If you get caught, the smugglers tell him, we are not responsible.

Conversation turns to how Hamza would pay the gang, once he has decided what to do.

Khal wants the cash paid in Turkey, because “all the stuff” comes from there.

The money, he suggests, can be deposited through the Hawala system – a payment method that avoids formal banking and instead relies on a network of agents to deliver cash across borders.

Later, Hamza is sent an account name on WhatsApp.

Other messages and voice notes in Arabic, also sent after the café meeting, include Sahar describing brands of outboard motors. He “loves” Mercury ones, he says, although “if there is Yamaha, I prefer Yamaha”.

He talks about how they can “deliver and bury” the gear, implying it can be hidden underground near a crossing point, with Boulogne a better option because, “Calais, it’s hard”.

Map of Europe showing supply route from Turkey to French coast - stage 1: boats, lifejackets and motors ordered from Turkey, stage 2: Supplies transported to Germany, stage 3: smugglers say they can reach French coast in 3 to 4 hours from Essen

In what appears to be a sales pressure tactic, Hamza is also told the smugglers have “limited” stocks but plenty of buyers.

Khal is more careful in his communications, but in one voice note, forwarded by Sahar, he expresses unease after meeting Hamza, saying: “Your friend, he seems not OK.”

Nevertheless, he instructs Sahar to get a decision from Hamza about whether he wants to buy a boat or not: “Ask him in the next one or two hours.”

Eventually, Hamza tells them he can no longer go ahead with the deal.

The BBC paid no money to these men, whose real identities we have not been able to establish definitively.

We have shown footage we received of the boats to the Chair of the National Independent Lifeboat Association, Neil Dalton, who says he wouldn’t go in a “duck pond” in such vessels.

Comparing one to a “death trap”, he says it would be “appallingly dangerous” to pack dozens of people onto these boats for a Channel crossing, because of what appears to be a “tremendously flimsy” design.

Meanwhile, diplomats insist that co-operation between Germany and the UK, on tackling these gangs, has improved.

Arrests and warehouse raids have happened in Germany, in partnership with other countries – while so-called “collateral crime”, such as violence or money-laundering, can be prosecuted within Germany.

February saw a major raid where boats, engines, life vests and flotation devices for children were seized in Germany with 19 arrests – but these were made under Belgian and French judicial orders.
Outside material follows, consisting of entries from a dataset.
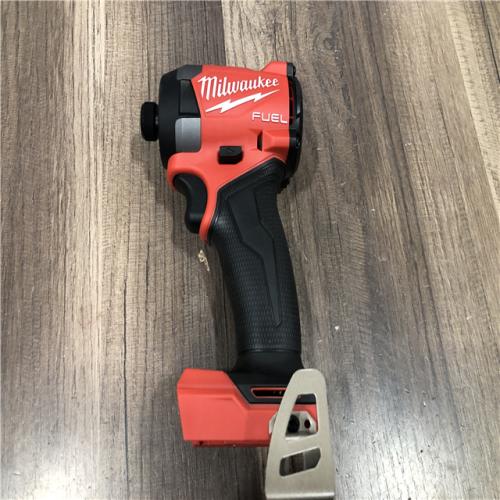 AS-IS Milwaukee FUEL 18V Lithium-Ion Brushless Cordless 1/4 in. Hex Impact Driver (Tool-Only)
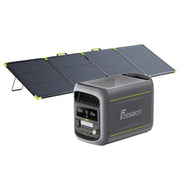 1×SP200 Pro Bifacial Portable Solar Panel (200W)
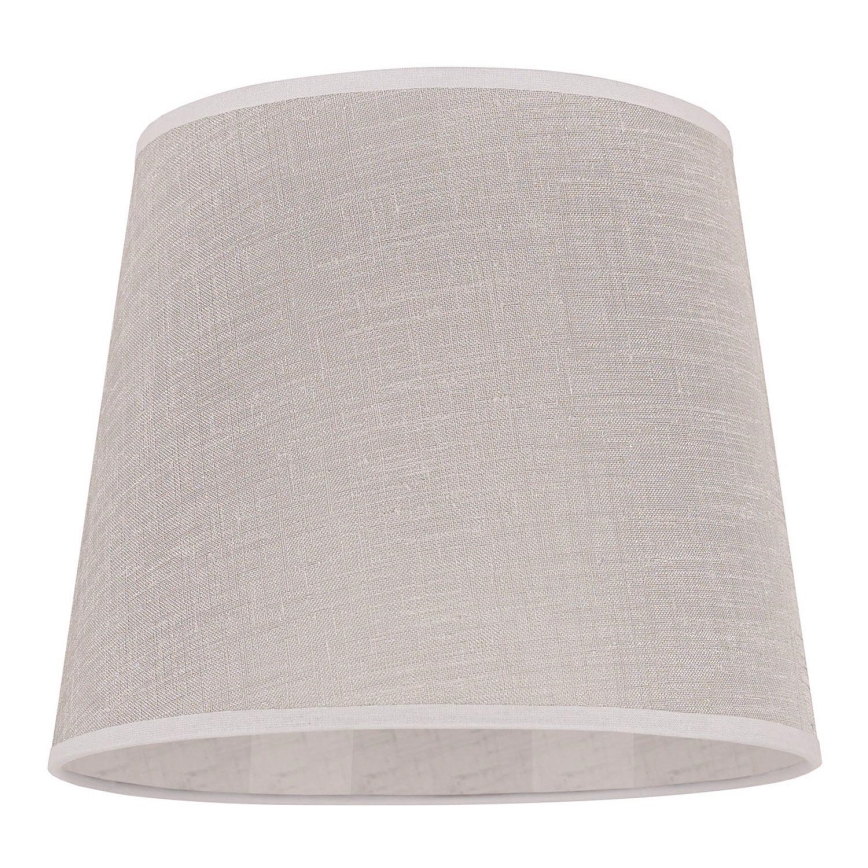 Duolla - Senčnik za namizno svetilko CLASSIC M E27 pr. 24 cm bež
A separate trial, following a similar operation in 2022, is being prosecuted in France.

The remnants of an inflatable boat lies abandoned on a beach in northern France. A large amount of what looks like black plastic sheeting folded randomly on a large stretch of flat sand.

The French coast is littered with the debris of failed crossings

A UK Home Office spokesperson told the BBC the government is “rapidly accelerating” work with countries, including Germany, to “crack down on the criminal smuggling gangs”, but “there is always more to do together”.

A joint action plan is being developed with Germany, while the UK’s new Border Security Command will be “essential” in dismantling criminal networks, they added.

That sentiment is echoed by the French authorities.

“It is important to demonstrate to the Germans that these boats are linked to offences on our coasts, which will allow them to intervene,” Pascal Marconville, a prosecutor in northern France, told the BBC earlier this month.

Berlin’s interior ministry told the BBC that bilateral cooperation was “very good” and that German authorities can take action at the request of the UK.

A spokesperson added that while it isn’t illegal to aid smuggling from Germany to the UK, it is punishable to aid smuggling to Belgium or France, where Channel crossings take place.

Along the shores of north-eastern France, you can find the remnants of failed crossing attempts on boats that, according to the National Crime Agency, are becoming “ever more dangerous and unseaworthy”.

The deflated dinghies and abandoned life jackets on these beaches may look worthless, but someone will have paid huge sums for what they hoped was a route to a better life.

It is a trade in misery, desperation and, in the worst cases, death – but one that continues to evolve and thrive deep inside Europe.